EXERCISE INSTRUCTIONS: Could you restate all of the records below exactly, with the pictures left out?

[Data excerpts]
-*-
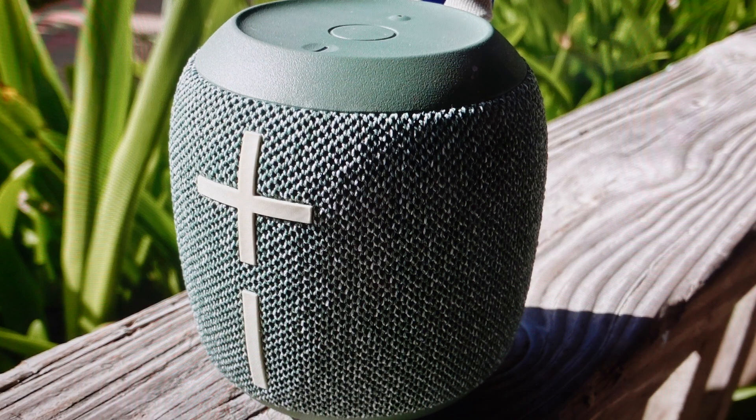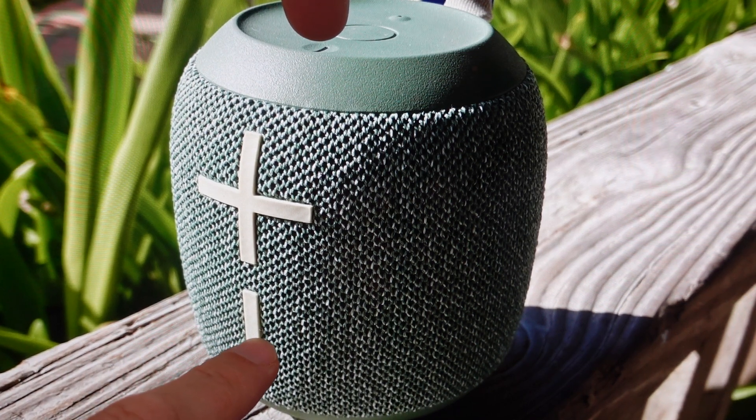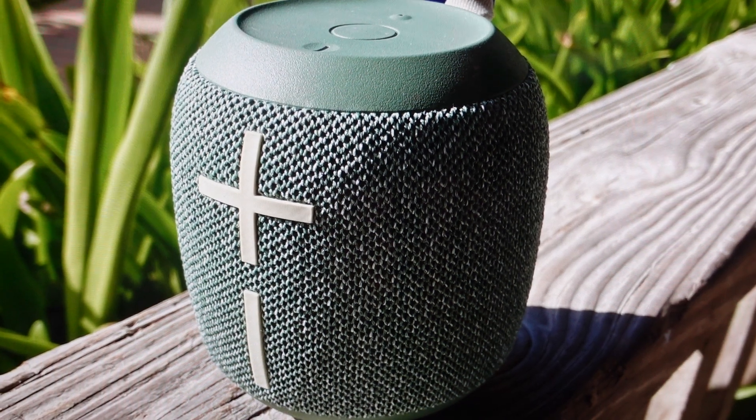First thing we need to do is our speaker does need to be on in order to do this. Once it's on, we're just going to find the power button on top and then this big volume down button on the side, and just press and hold those two buttons simultaneously for about 10 to 15 seconds. Basically until you hear the reset tone — after about 10 to 15 seconds it'll make like a do-do-do-do-do-do tone, at which point you can release it. The speaker will go ahead and turn off, then just wait a few seconds, turn the speaker back on, and it will go into pairing mode like you're setting up a brand new speaker.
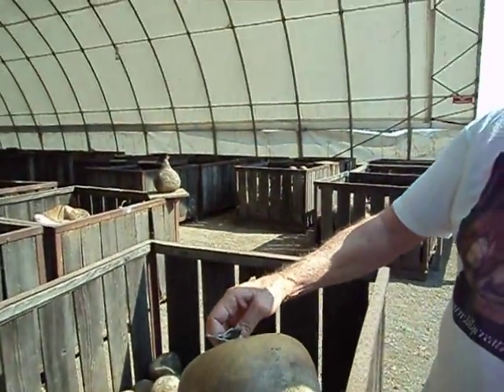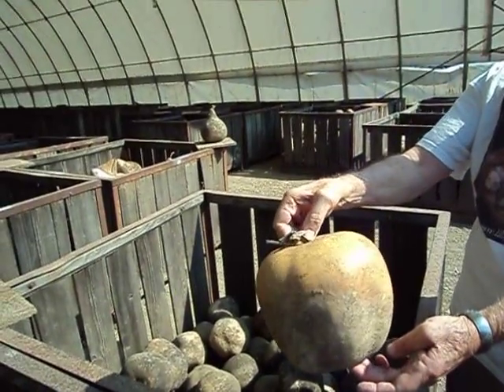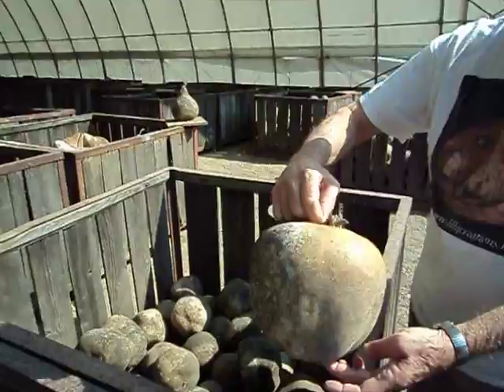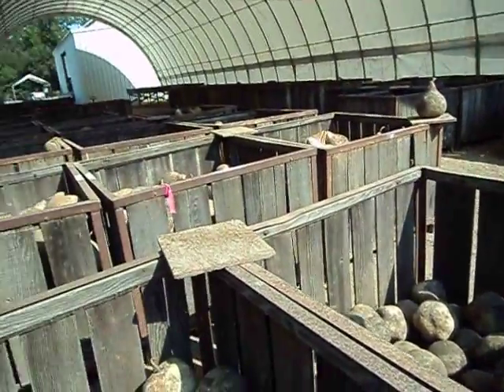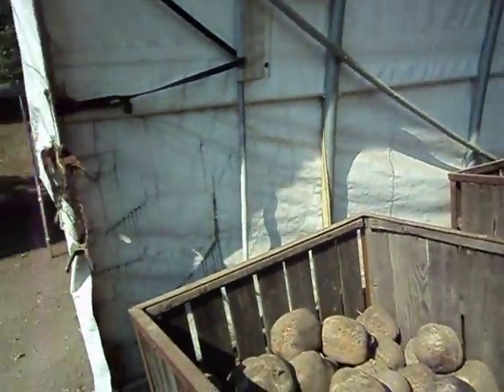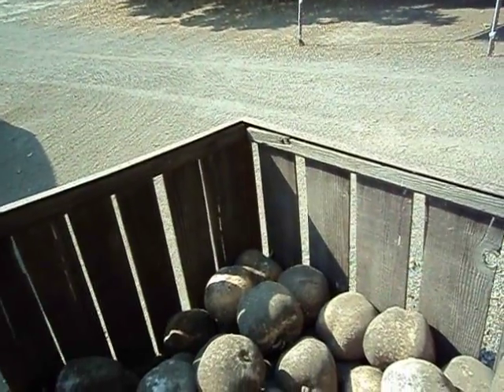So here we are in the apple gourds. I'm going to get a few of these. And as you can see, they look like apples. Ta-da! I'm going to get a couple large ones, a couple medium-sized ones, and a couple small ones. I want the ones that are truest to the apple shape.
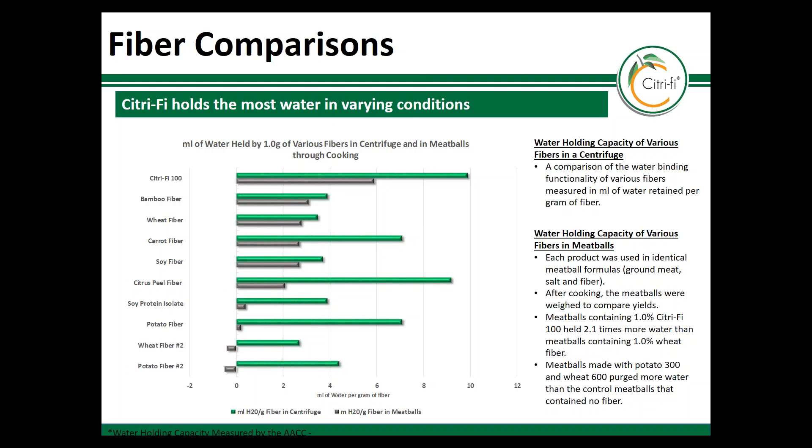The benefit is further proven when Citrify is put into a food application, which is actually the most important way to measure water holding for a customer. In this example, we tested Citrify in a cooked meatball. The tests demonstrate that Citrify not only holds onto the most water per gram, but also holds it during a cooking process compared to the other fibers. Citrify is shown on the top with a water holding capacity in a centrifuge of approximately 10 times its weight, but when cooked in a meatball it will bind up to 6 times its weight and carry it throughout the process without giving it up through cooking or over time.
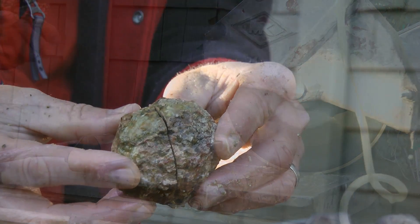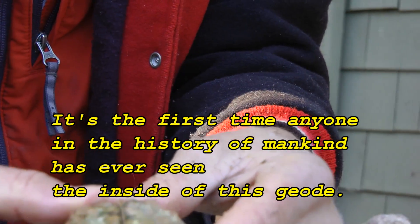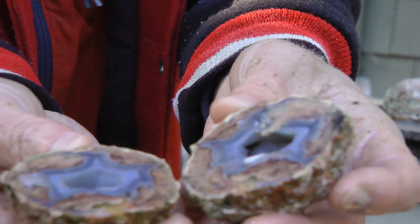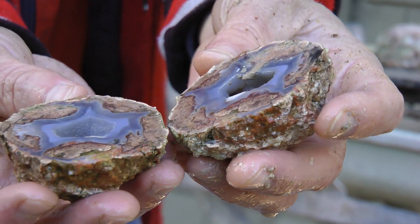First time anyone in the history of mankind has ever seen the inside of this geode. Oh, that's kind of a nice look.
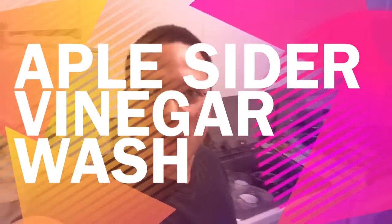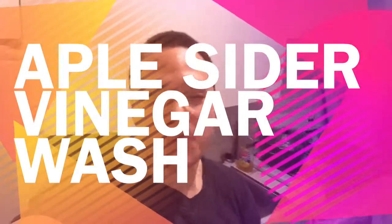Hey YouTube, just a really quick video. I wanted to share something really cool with you guys — it's how I wash my fruits and vegetables. Usually I use water, but when I make a smoothie since I'm going to use it raw, what I've been doing lately is taking a cap of apple cider vinegar with about 16 ounces of water and then washing my vegetables, my kale, my apples, and my strawberries.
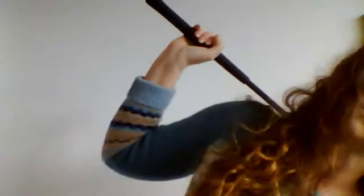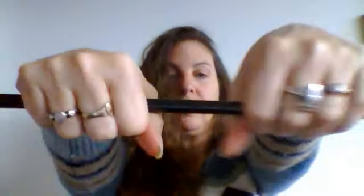Whatever we do on one side, we need to do on the other to keep the body in balance. Another great stretch is your wrists — how do your wrists feel? So again, we breathe: inhale up, exhale down. Inhale up, exhale down.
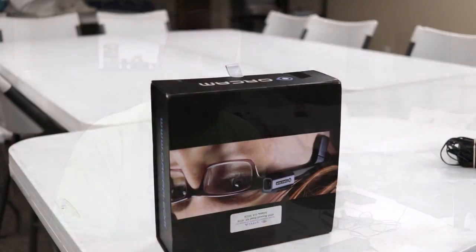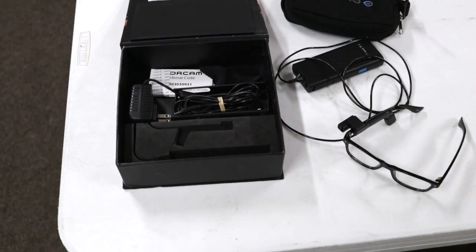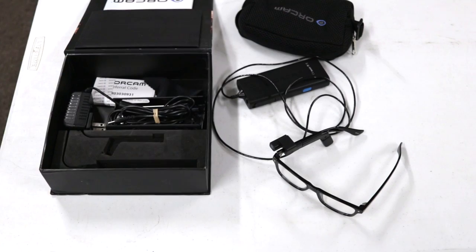Hey guys, it's Sam with The Blind Spot. Today we've got something special. I'm going to be showing off the new OrCam system. A lot of people have been asking me to check this out, so we got one here in the office and we are going to take a look at it today. Spoiler — it's pretty cool.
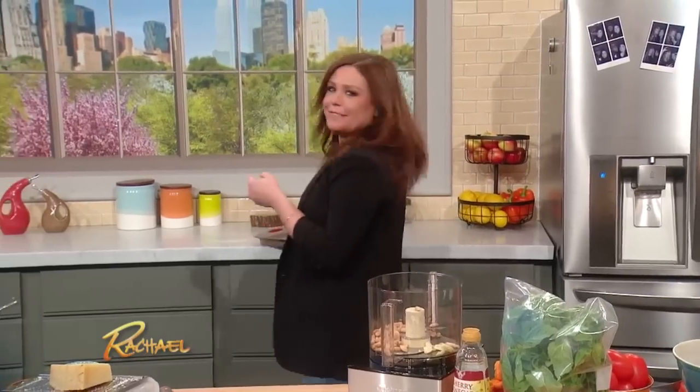I have that issue with bacon too. I always have to make extra because I snack on it while I'm cooking with it.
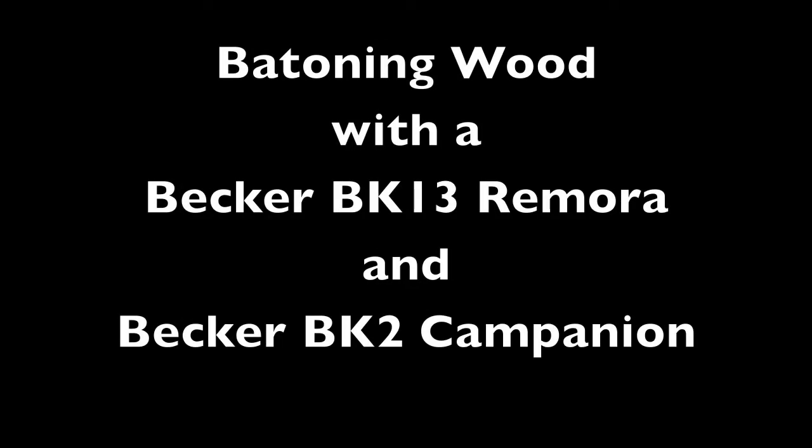Like a total doofus and complete newbie, I forgot to turn on my microphone on my ZIA camera test, so we will do a voiceover. So here we go.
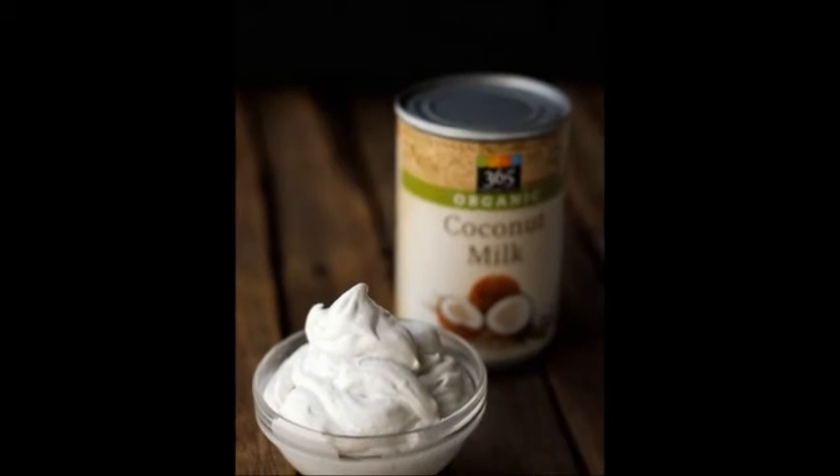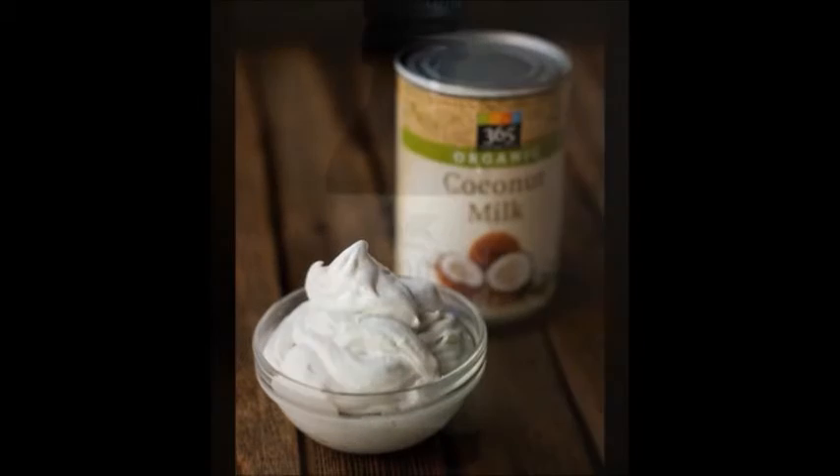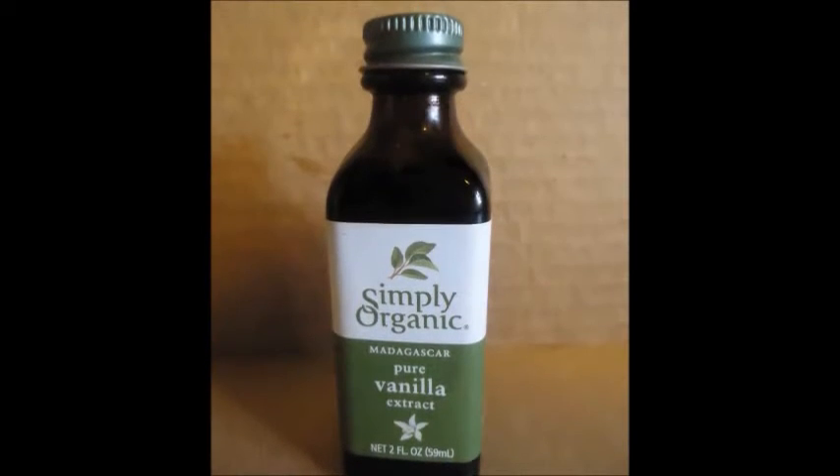Next, add 3 tablespoons canned coconut milk or cream, 1 teaspoon vanilla, and 1 tablespoon shiro miso. Blend until creamy.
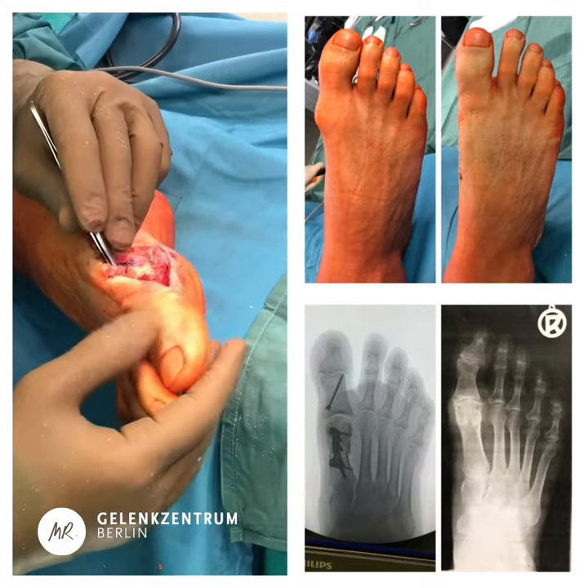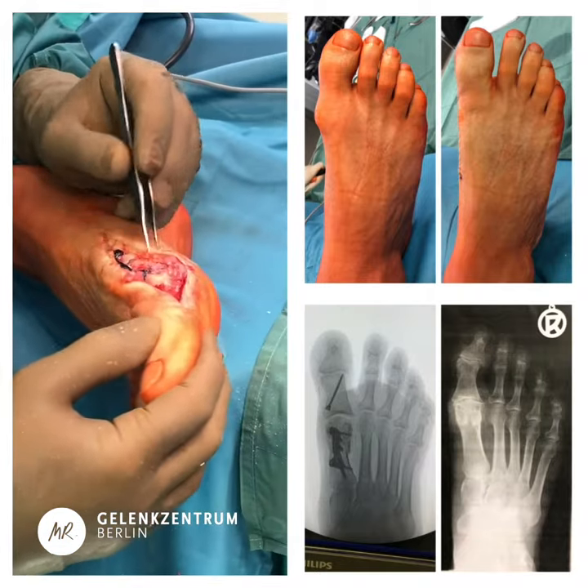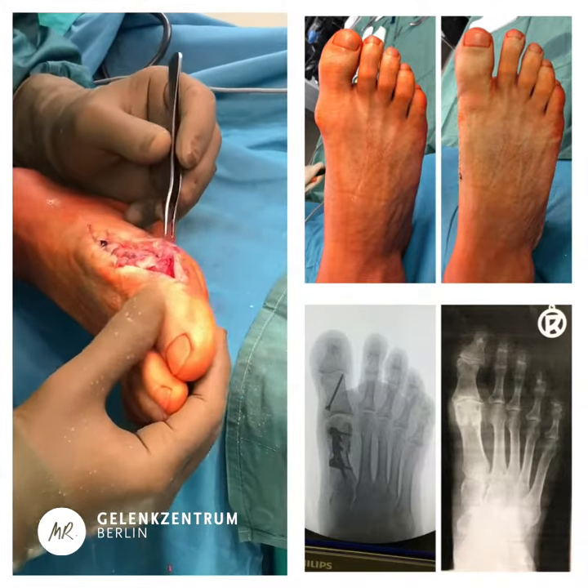The dorsum of the first phalanx can now easily overcome the obstacle that is no longer there. This is how we do it and this is how it works. Thank you.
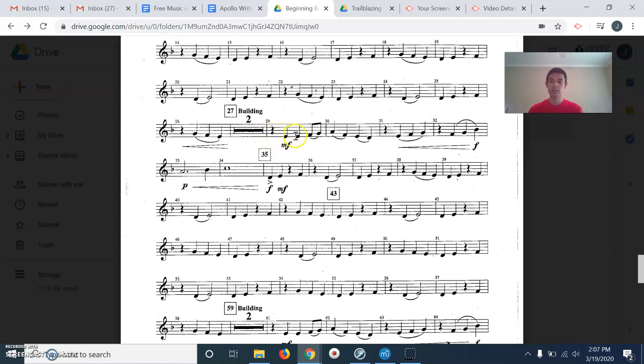29: one, two, ready, go. Sh, ta, ta, ta-di, ta, ta, ta, ta, ta, ta, ta, ta, ta, ta, ta, ta, ta. We stopped right there — I had one extra ta for measure 35. Did you notice the dotted half note? How many beats does that get? Three. And this one right here, the whole note — that one gets four beats. Did you get it?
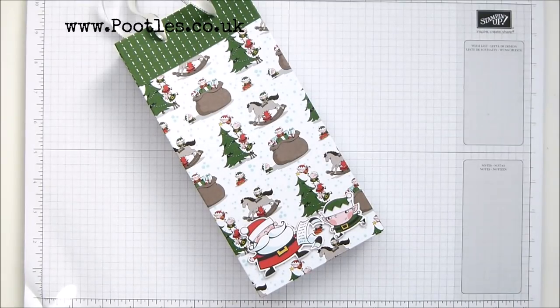Hi there, it's Sam from Poodles.co.uk. Thank you very much for joining me today in Poodles Advent Countdown. These are two projects a week coming out all the way through and into December, for a total of 24 because it's Advent, and they are all obviously Christmassy focused.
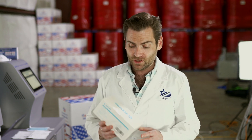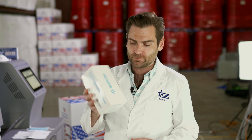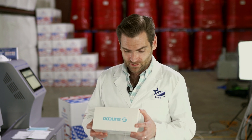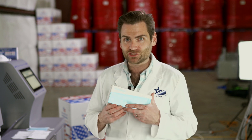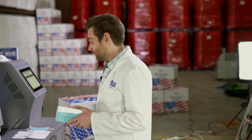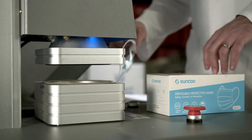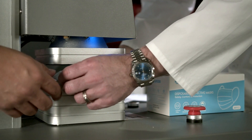We're testing every mask on Amazon. Today we're looking at the Sunku mask — disposable protective masks claiming safety, comfort, and protection. It's got a shield with a cross on it, and they claim to 'protect every breath.' Let's find out if it does. Speaking of claims, do we have any efficiency claims on this?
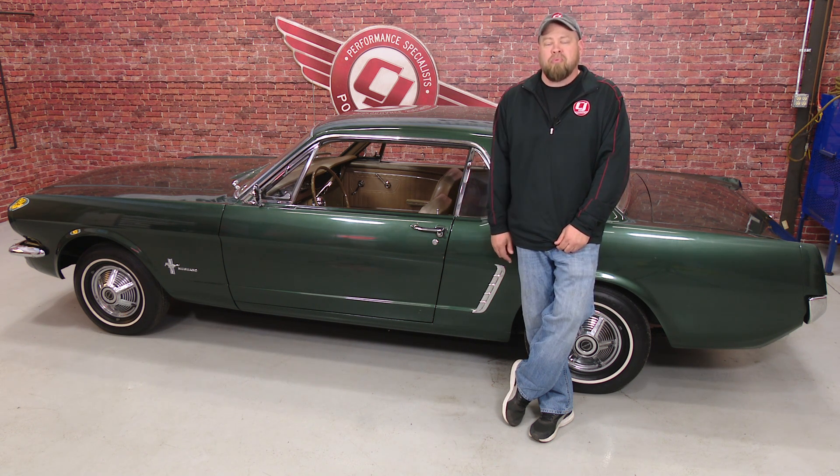Our solution was to go out and pick up a brand new project car. So we went out and picked up this 1965 Mustang Coupe.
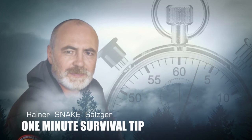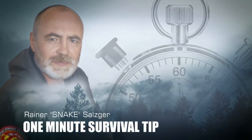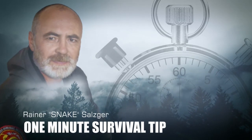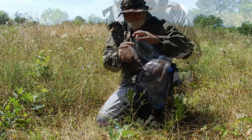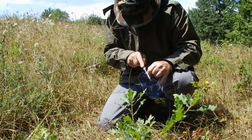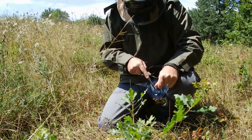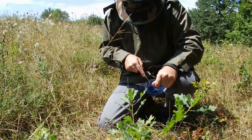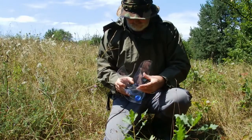This is a simple rain catcher — a one-minute survival tip. This is a foolproof way to build a simple rain catcher: you just take a bottle and basically put a big funnel on top of it. That way, when it rains, it will channel the rainwater into your bottle. A plastic bottle makes a good funnel.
-*-
WRITTEN RESPONSE:
First thing we need to do is our speaker does need to be on in order to do this. Once it's on, we're just going to find the power button on top and then this big volume down button on the side, and just press and hold those two buttons simultaneously for about 10 to 15 seconds. Basically until you hear the reset tone — after about 10 to 15 seconds it'll make like a do-do-do-do-do-do tone, at which point you can release it. The speaker will go ahead and turn off, then just wait a few seconds, turn the speaker back on, and it will go into pairing mode like you're setting up a brand new speaker.
So here we are in the apple gourds. I'm going to get a few of these. And as you can see, they look like apples. Ta-da! I'm going to get a couple large ones, a couple medium-sized ones, and a couple small ones. I want the ones that are truest to the apple shape.
The benefit is further proven when Citrify is put into a food application, which is actually the most important way to measure water holding for a customer. In this example, we tested Citrify in a cooked meatball. The tests demonstrate that Citrify not only holds onto the most water per gram, but also holds it during a cooking process compared to the other fibers. Citrify is shown on the top with a water holding capacity in a centrifuge of approximately 10 times its weight, but when cooked in a meatball it will bind up to 6 times its weight and carry it throughout the process without giving it up through cooking or over time.
First time anyone in the history of mankind has ever seen the inside of this geode. Oh, that's kind of a nice look.
Hey YouTube, just a really quick video. I wanted to share something really cool with you guys — it's how I wash my fruits and vegetables. Usually I use water, but when I make a smoothie since I'm going to use it raw, what I've been doing lately is taking a cap of apple cider vinegar with about 16 ounces of water and then washing my vegetables, my kale, my apples, and my strawberries.
Whatever we do on one side, we need to do on the other to keep the body in balance. Another great stretch is your wrists — how do your wrists feel? So again, we breathe: inhale up, exhale down. Inhale up, exhale down.
Hey guys, it's Sam with The Blind Spot. Today we've got something special. I'm going to be showing off the new OrCam system. A lot of people have been asking me to check this out, so we got one here in the office and we are going to take a look at it today. Spoiler — it's pretty cool.
I have that issue with bacon too. I always have to make extra because I snack on it while I'm cooking with it.
Like a total doofus and complete newbie, I forgot to turn on my microphone on my ZIA camera test, so we will do a voiceover. So here we go.
Next, add 3 tablespoons canned coconut milk or cream, 1 teaspoon vanilla, and 1 tablespoon shiro miso. Blend until creamy.
The dorsum of the first phalanx can now easily overcome the obstacle that is no longer there. This is how we do it and this is how it works. Thank you.
29: one, two, ready, go. Sh, ta, ta, ta-di, ta, ta, ta, ta, ta, ta, ta, ta, ta, ta, ta, ta, ta. We stopped right there — I had one extra ta for measure 35. Did you notice the dotted half note? How many beats does that get? Three. And this one right here, the whole note — that one gets four beats. Did you get it?
Hi there, it's Sam from Poodles.co.uk. Thank you very much for joining me today in Poodles Advent Countdown. These are two projects a week coming out all the way through and into December, for a total of 24 because it's Advent, and they are all obviously Christmassy focused.
We're testing every mask on Amazon. Today we're looking at the Sunku mask — disposable protective masks claiming safety, comfort, and protection. It's got a shield with a cross on it, and they claim to 'protect every breath.' Let's find out if it does. Speaking of claims, do we have any efficiency claims on this?
Our solution was to go out and pick up a brand new project car. So we went out and picked up this 1965 Mustang Coupe.
This is a simple rain catcher — a one-minute survival tip. This is a foolproof way to build a simple rain catcher: you just take a bottle and basically put a big funnel on top of it. That way, when it rains, it will channel the rainwater into your bottle. A plastic bottle makes a good funnel.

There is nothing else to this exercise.